**AIM OF THE TASK:**
Transcribe the listing in full, excluding any pictures.

**SOURCE DATA:**
BEGIN
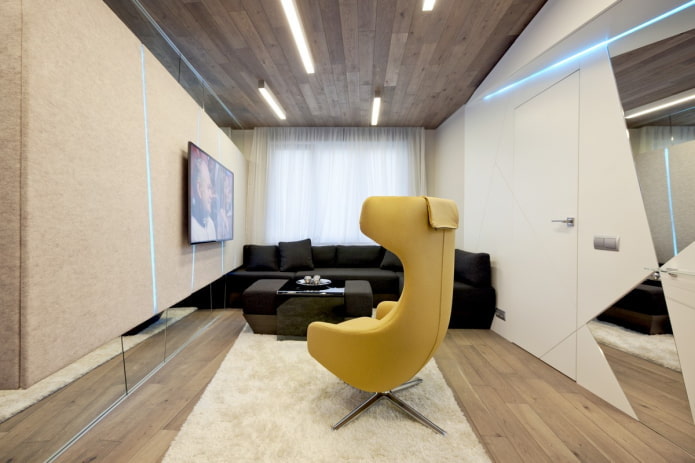 laminate on the ceiling in the living room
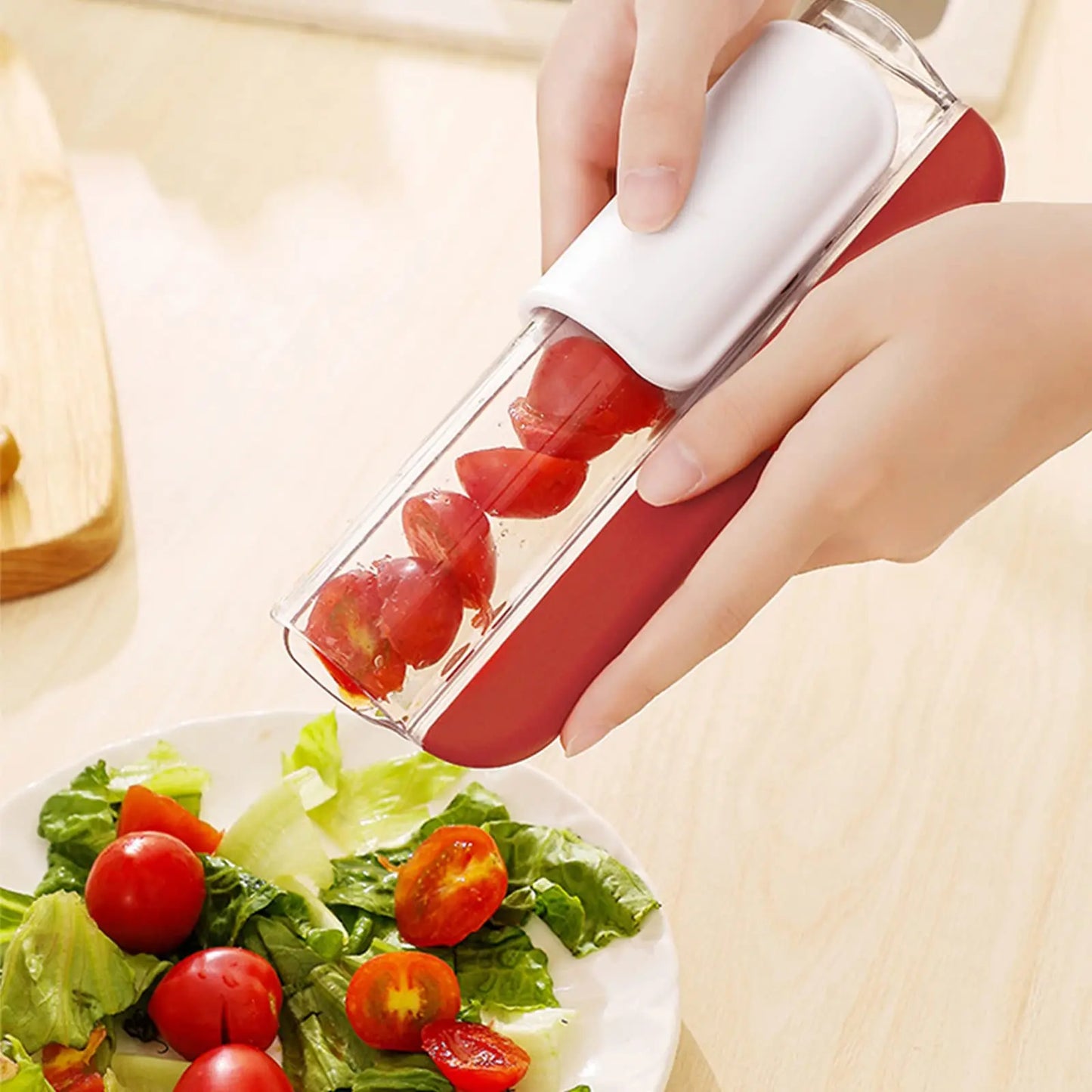 Multi-Function Tomato and Grape Cutter for Fruit and Salad Prep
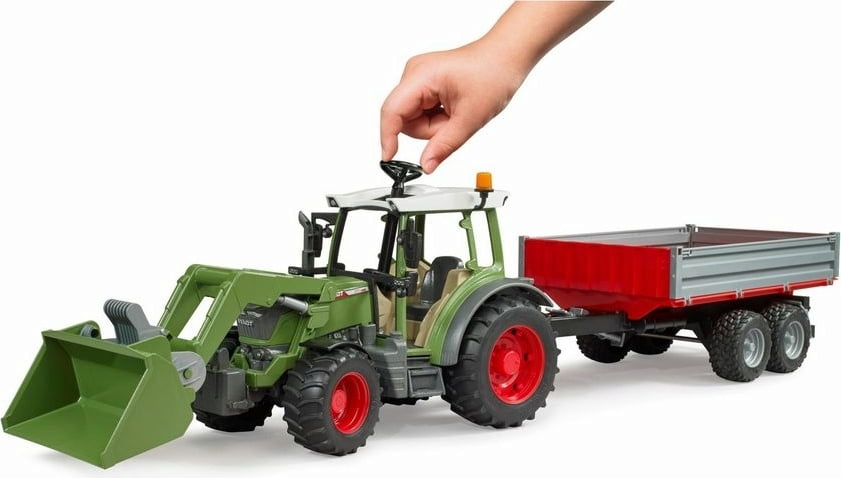 Tractor cu incarcator frontal si remorca Bruder Fendt 211 - poza 3
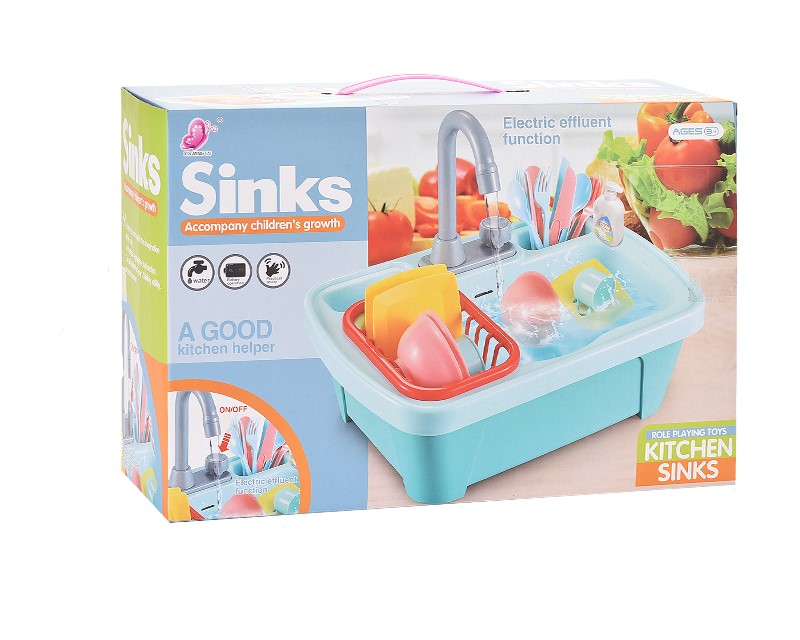 285toys Hot selling kitchen toys dish washing sink pretend play set electric wash-up dishwasher role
END
**TASK RESPONSE:**
 laminate on the ceiling in the living room
 Multi-Function Tomato and Grape Cutter for Fruit and Salad Prep
 Tractor cu incarcator frontal si remorca Bruder Fendt 211 - poza 3
 285toys Hot selling kitchen toys dish washing sink pretend play set electric wash-up dishwasher role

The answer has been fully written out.